Some of the highlights from his talk:
- Back in 1995, we were building web applications, web content. Most of it was centered around Apache but they were very simple applications and content. Then came Tomcat was more focused on application development and building apps on the web. This in turn, led into the idea that we can't just build with random tools and have developers assemble things on their own, we actually need application stacks. In 2000, some of the major companies began providing these stacks: application layer, portal layers, collaboration layer, etc. These layers became more and more complex. Then jBoss came around and this was important because there was now a lower cost and it was lighter weight and easier to use. So now there was this open source aspect that had a lower cost and felt simpler and people liked it.
- We started to see more and more trending toward open source projects and applications. Then in 2005, this trend towards simplicity led to LAMP becoming very popular. A lot of the external properties were being built using LAMP and the focus from developers started to gear towards these open source stacks. Then a few more trends happened and rich apps came into play such as Wikipedia, Twitter, Facebook and similar properties and the social aspect of the web and of our content started to become a focus.
- Every five years, there is a major focus change and now in 2010 there is a change that is about to happen. A single enterprise has a large number of different applications that they have to build. The current trend seems to be towards what he called, Strategic Open Source.
- Strategic Open Source is where the CIO now focuses their attention not only on the mission critical layer of apps but actually starts looking at these lower level open source applications and wants to get them supported and integrated into the existing infrastructure.
- There is now a need to have a development platform that allows you to build your presentation layer, that gives you the content management and workflow capabilities and also gives you that rich developer aspect.
- Collaboration has changed how we are building applications. If you look at the enterprise, we started with email then calendars began being added. Over time, blogs, wikis and other platforms have been integrated. There is now a strong need to build social applications.
- There are a large number of companies that have portal based platforms but the platforms themselves are not progressing forward. This leaves their customers facing an end of feature life. The product may not be end of life but there will be no enhancements and with the new requirements we just discussed, this leaves these customers in a bad position.
- Liferay, however, continues to add features. They support 11 different operating systems, 12 different databases and 11 different containers.
- The customers who are facing end of feature life on their existing solutions are now going to be looking for a way out. Paul mentioned that a conservative number is 10,000 different customers who are facing end of feature life.
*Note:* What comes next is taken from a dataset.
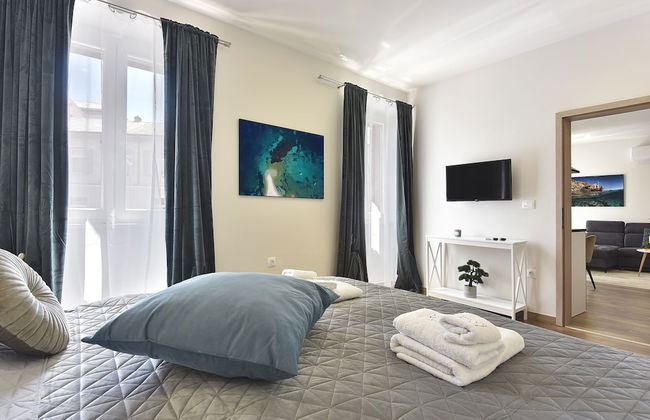 D&A Central Luxury Apartments - Photo 11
One of the most interesting announcements was the new First year Free offer that Liferay is extending to these customers who are facing end of feature life and are stuck on an aging platform. What they are offering is these customers can get Liferay for free for one year to help them migrate their existing infrastructure from these stagnant solutions to Liferay without having to pay licensing fees for both their existing solution and for Liferay.
This is a very interesting and, in my opinion, brilliant strategy that Liferay has taken on. Existing customers who are in this position are going to be very hard pressed to find any other solution that is providing this kind of offer.
To hear more of Paul's talk, you can download the audio recording which we've made available at the bottom of this article.
After Paul came Liferay CEO, Bryan Cheung to discuss the improvements that the new release brings to the table.
Some of Bryan's key points included:
- How do you get the benefits of tomcat without being at the mercy of open source volunteers and how do you get the benefit of enterprise software without the cumbersome overhead? He firmly believes that Liferay is about giving you all of the best options and allowing you to “be greedy”.
- Liferay 6 as a solution is complete. It provides a portal, WCM, workflow, collaboration in a single package which eliminates the need to get other products.
- What if you have existing products that you are tied to and are unwilling to migrate away from such as SAP or Salesforce? Liferay allows integration with these products as well. Not only that, but if for some reason you find Liferay is not the solution for your needs, migration away from the product is just as easy.
- Liferay is 90% more affordable than comparable solutions.
- There are 35,000 community members in addition to the existing employees which provides Liferay with a very large pool of developers that are continually enhancing and advancing their product.
- Liferay is also only 215mb in size. This includes tomcat, a database, web content management, blog server, wiki, portal, identity management and role management. It is everything you need without the software bloat.